= Giustina Rocca =

Italian Renaissance lawyer, judge and diplomat

Giustina Rocca (died 1502) was an Italian Renaissance lawyer, judge and diplomat. She has been called the world's first female lawyer and is claimed as an inspiration for the character of Portia in Shakespeare's play Merchant of Venice.

==Life==
Giustina Rocca was born in Trani in the second half of the fifteenth century, the daughter of Orazio Rocca, orator at the Senate of Naples. She married the Royal Captain Giovanni Antonio Palagano, with whom she had four children. Her daughter Cornelia died before the age of twenty in 1492.

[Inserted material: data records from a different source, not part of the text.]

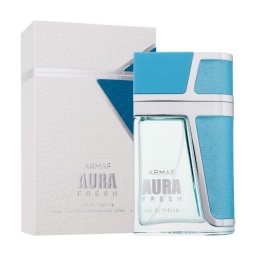 Armaf Aura Fresh 100 ml eau de parfum за мъже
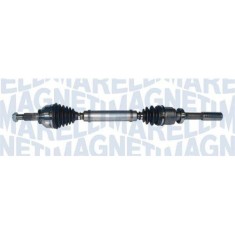 Planetara Renault Laguna 2 (Bg0/1), Laguna 2 Grandtour (Kg0/1), Fata, Dreapta, 1.6 LPG, 1.8 16V (BG04, BG0B, BG0C, BG0V), 1.8 16V (BG06, BG0J, BG0M),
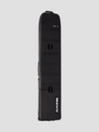 Dakine Low Roller Hardside 165cm Boardbag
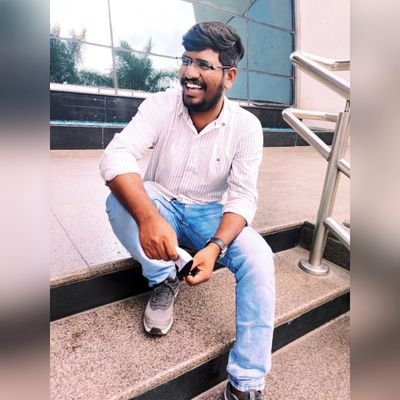 Rafeeq7869's profile picture. 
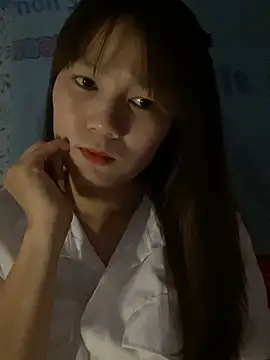 -Eidieea- online show from 2, 4, 2026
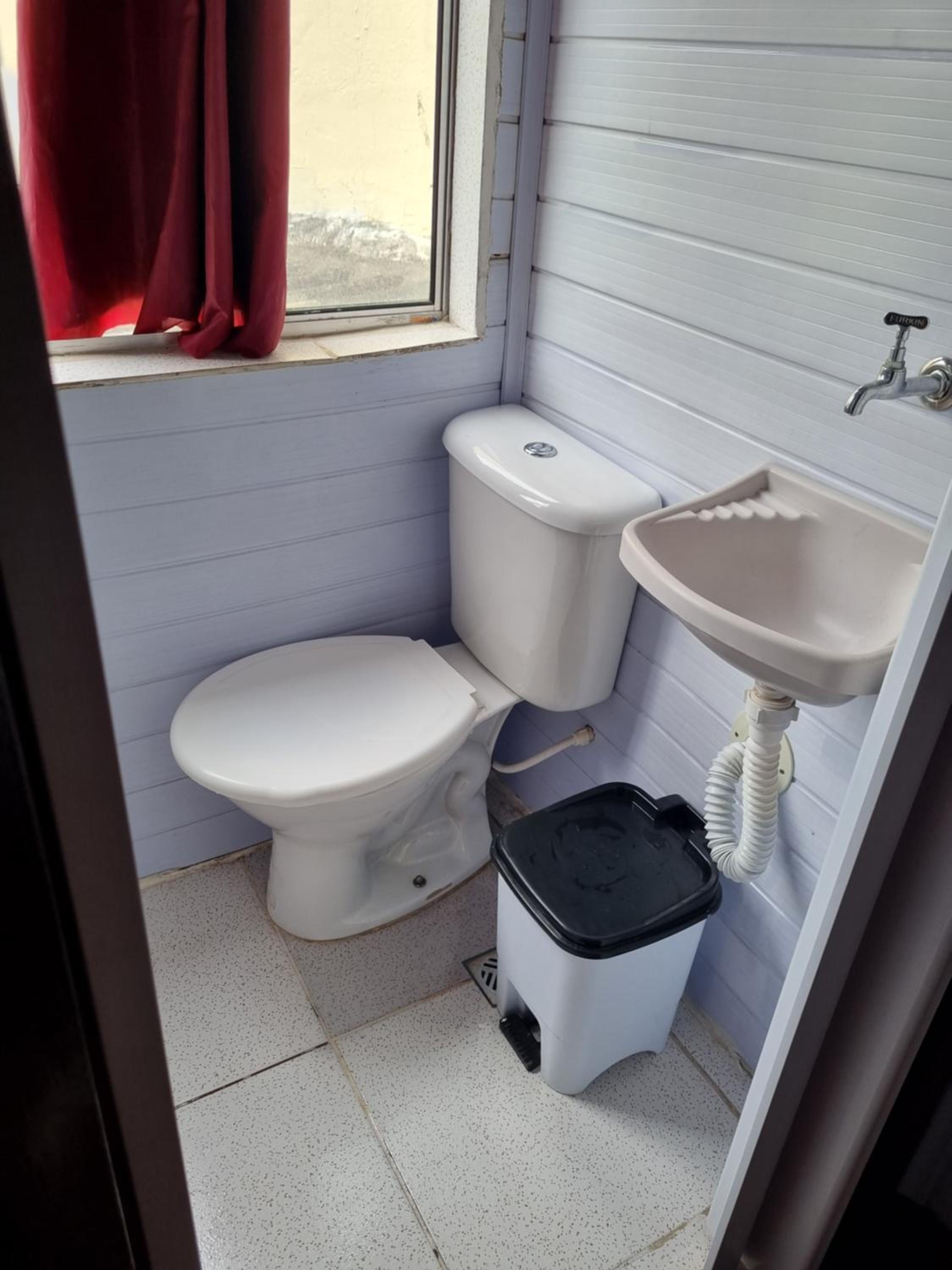 Chalet - Photo 9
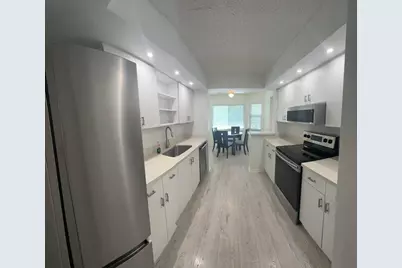 1300 SW 125th Avenue #311k, Pembroke Pines, FL 33027 - Photo 7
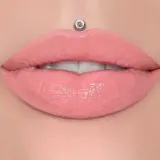 Jeffree Star Cosmetics Supreme Gloss - Блеск для губ, 5 мл, оттенок 714 — фото 2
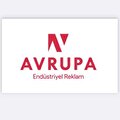 avrupa mimarlık
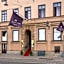 Hotel Gamla Stan, BW Signature Collection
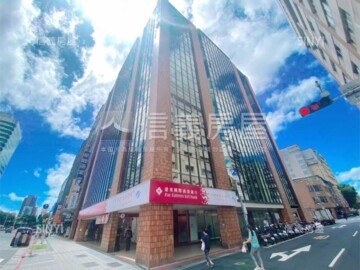 樂屋_中正區待售房屋 中正區待售房屋
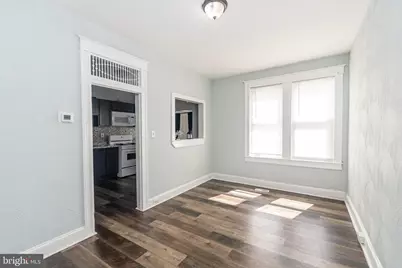 409 N Edgewood Street, Baltimore, MD 21229 - Photo 3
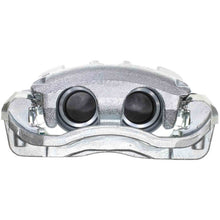 Load image into Gallery viewer, Power Stop 2025 Mercedes-Benz Sprinter 4500 Rear Left Autospecialty Caliper w/Bracket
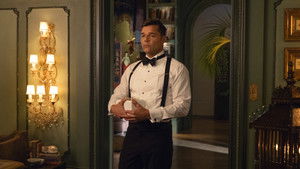 Poster for Maxine Makes a Splash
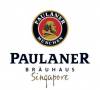 Paulaner Brauhaus Singapore Pte. Ltd. logo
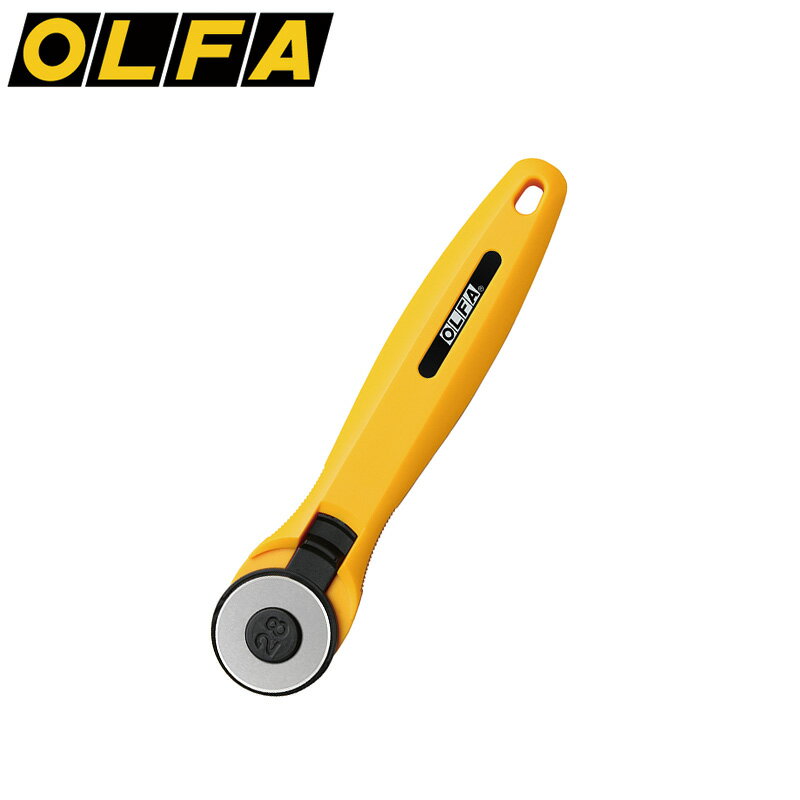 Ϥ󤳥󥰡ʰաϥˤ㤨֡OLFAۥե ꡼å28 233B ߷ ڤ ٹѥåפβǤʤ803ߤˤʤޤ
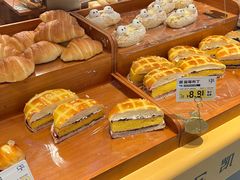 -万达广场(巴南店)
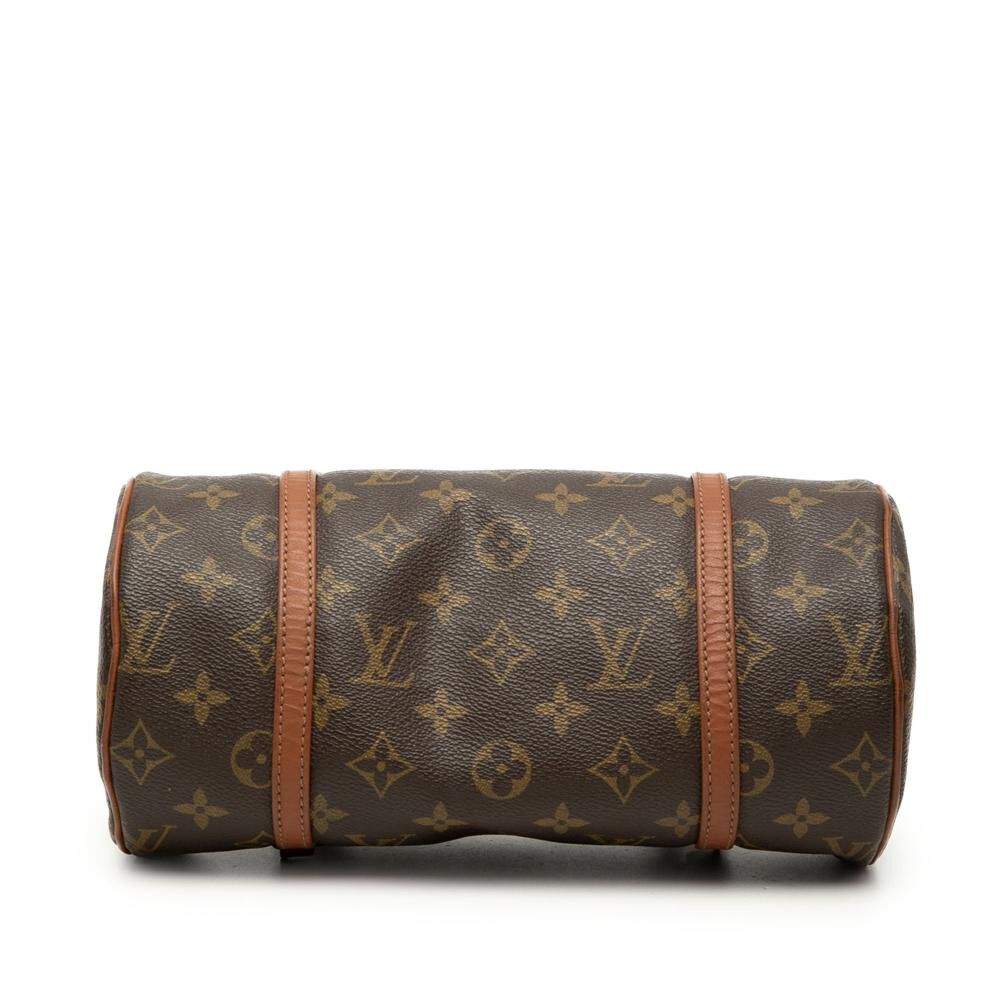 Louis Vuitton Papillon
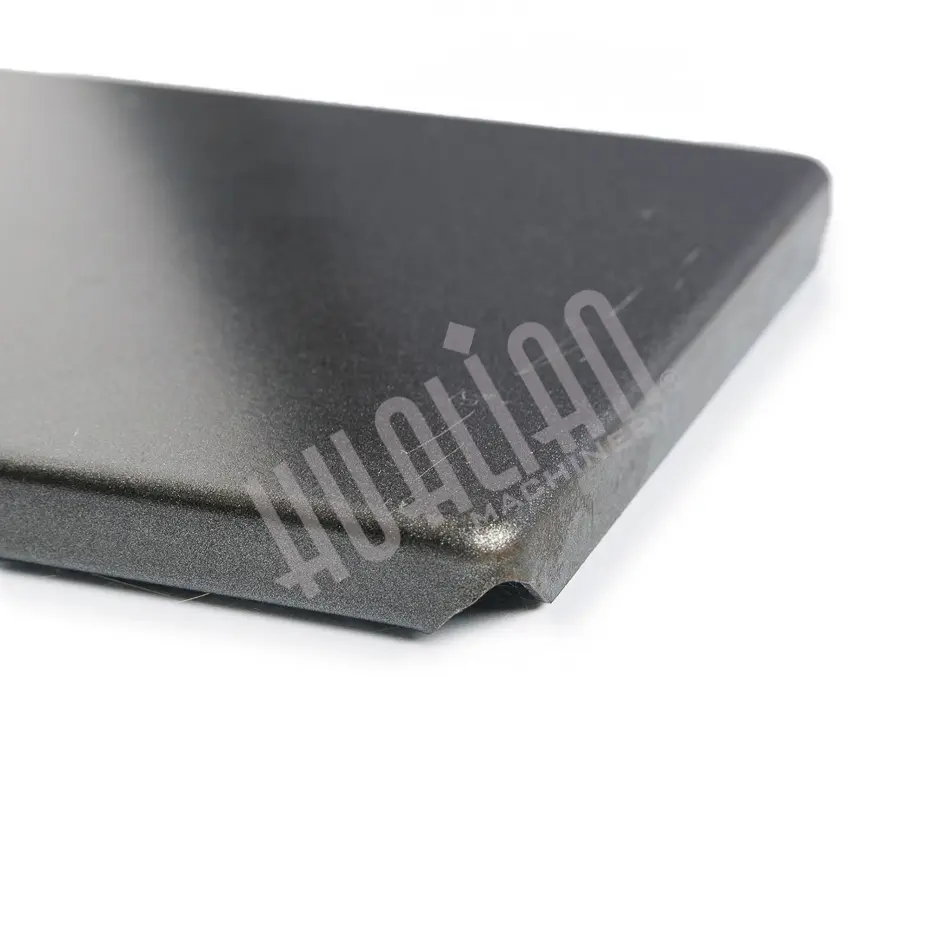 Миниатюра товара 2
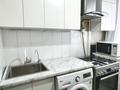 4-бөлмелі пәтер · 78 м² · 3/5 қабат, 1-й квартал, 1-й квартал — Восток 1, ТД «Умай», бағасы: 23.5 млн ₸ в Караганде, Алихана Бокейханова р-н — фото 11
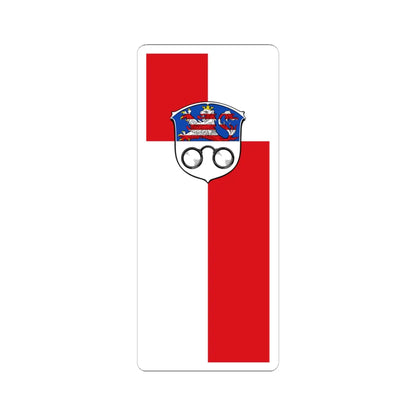 SKU:19498904751920121700 Sizes:4" × 4" Types:White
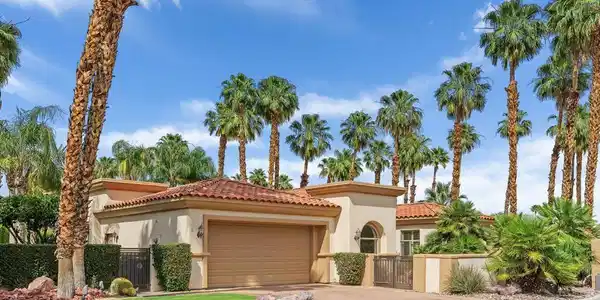 37 Stonecrest Circle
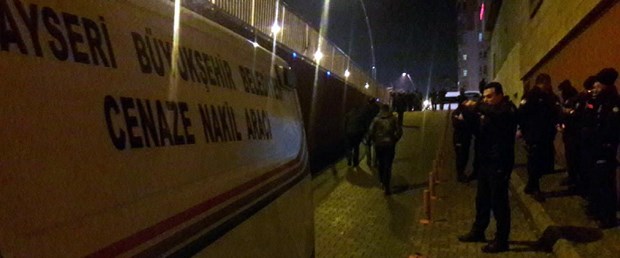 kayseri.jpg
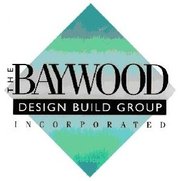 Baywood Design/Build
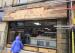 Picture of The Rookery Bar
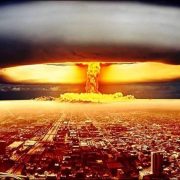 Putin Advierte Sobre Uso de Misiles: ¿La Tercera Guerra Mundial?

Rocca was a lawyer at the Court of Trani, and is traditionally regarded as having specialized in delicate diplomatic issues between Trani and Venice. On 8 April 1500, she pronounced an arbitration sentence before the Venetian governor of Trani, Ludovico Contarini. In her last wishes, dictated to a notary on 10 June 1501, she asked to be buried in Trani Cathedral next to the tomb of her daughter Cornelia.

==Memorialization==

Rocca's life was celebrated in Tractatus de iure patronatus (1533), by the Trani jurist Cesare Lambertini.

The Rocca tower in Luxembourg was completed in 2019 as an addition to the headquarters of the Court of Justice of the European Union. It is the tallest building in the country.